I define my personal credentials to Foursquare in environment variables on the machine where I execute the notebook and read them below from the environment variables.

In [12]:
CLIENT_ID = os.environ['FOURSQUARE_ID'] # your Foursquare ID
CLIENT_SECRET = os.environ['FOURSQUARE_SECRET'] # your Foursquare Secret
VERSION = '20180605' # Foursquare API version

if CLIENT_ID and CLIENT_SECRET:
    print('Got your credentails!')
else:
    raise ValueError('Foursquare credentials are missing - should be set as environment variables')

Got your credentails!


### Define function to call the Foursquare API and find venues nearby a given location

The function is copied from the *Applied Data Science Capstone* course material with my own addition to join categories if a venue has more than one category instead of just taking the first category.

The parameters are lists of:
* *names*: a name of the location or neighborhood.
* *cities*: the city name of the neighborhood.
* *latitudes*: the latitude of the location or neighborhood.
* *longitudes*: the longitude of the location or neighborhood.
* *radius*: the maximal distance in meters to from the location to search for venues. Defaults to 500m.

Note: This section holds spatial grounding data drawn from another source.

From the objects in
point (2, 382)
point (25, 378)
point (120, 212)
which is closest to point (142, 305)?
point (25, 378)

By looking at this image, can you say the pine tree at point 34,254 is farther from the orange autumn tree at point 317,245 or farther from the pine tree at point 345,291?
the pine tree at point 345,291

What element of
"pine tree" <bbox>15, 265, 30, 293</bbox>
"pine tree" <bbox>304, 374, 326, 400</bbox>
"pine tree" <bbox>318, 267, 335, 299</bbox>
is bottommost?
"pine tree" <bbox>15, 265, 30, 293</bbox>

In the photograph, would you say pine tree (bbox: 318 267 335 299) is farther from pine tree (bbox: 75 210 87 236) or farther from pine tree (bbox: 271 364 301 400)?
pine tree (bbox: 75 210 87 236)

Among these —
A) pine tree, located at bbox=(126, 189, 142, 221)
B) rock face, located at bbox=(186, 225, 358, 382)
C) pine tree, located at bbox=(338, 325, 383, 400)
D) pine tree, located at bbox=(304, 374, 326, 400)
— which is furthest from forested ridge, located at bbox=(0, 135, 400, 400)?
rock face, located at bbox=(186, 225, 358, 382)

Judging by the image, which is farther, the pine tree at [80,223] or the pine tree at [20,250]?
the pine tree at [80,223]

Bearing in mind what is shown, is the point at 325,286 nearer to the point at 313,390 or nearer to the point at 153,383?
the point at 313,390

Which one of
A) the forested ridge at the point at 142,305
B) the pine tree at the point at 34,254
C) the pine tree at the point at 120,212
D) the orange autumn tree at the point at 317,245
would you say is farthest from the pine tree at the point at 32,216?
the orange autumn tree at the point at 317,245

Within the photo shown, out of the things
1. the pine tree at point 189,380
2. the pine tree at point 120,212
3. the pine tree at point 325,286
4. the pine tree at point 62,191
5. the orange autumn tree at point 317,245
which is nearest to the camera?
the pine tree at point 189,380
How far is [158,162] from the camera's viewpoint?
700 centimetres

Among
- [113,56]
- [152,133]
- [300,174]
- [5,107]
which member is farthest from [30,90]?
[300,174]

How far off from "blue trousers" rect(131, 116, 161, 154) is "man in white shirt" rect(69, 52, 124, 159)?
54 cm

Returns a dataframes with a row for each found venue within *radius* meter from the given location.

In [13]:
def getNearbyVenues(names, cities, latitudes, longitudes, radii):
    
    venues_list=[]
    for name, city, lat, lng, radius in zip(names, cities, latitudes, longitudes, radii):
        print(name)
            
        # create the API request URL
        LIMIT = 100  # max according to foursquare documentation
        url = 'https://api.foursquare.com/v2/venues/explore?&client_id={}&client_secret={}&v={}&ll={},{}&radius={}&limit={}'.format(
            CLIENT_ID, 
            CLIENT_SECRET, 
            VERSION, 
            lat, 
            lng, 
            radius, 
            LIMIT)
            
        # make the GET request
        results = requests.get(url).json()["response"]['groups'][0]['items']
        
        # return only relevant information for each nearby venue
        venues_list.append([(
            name,
            city,
            lat,
            lng,
            v['venue']['name'], 
            v['venue']['location']['lat'], 
            v['venue']['location']['lng'],  
            ', '.join([c['name'] for c in v['venue']['categories']])) for v in results])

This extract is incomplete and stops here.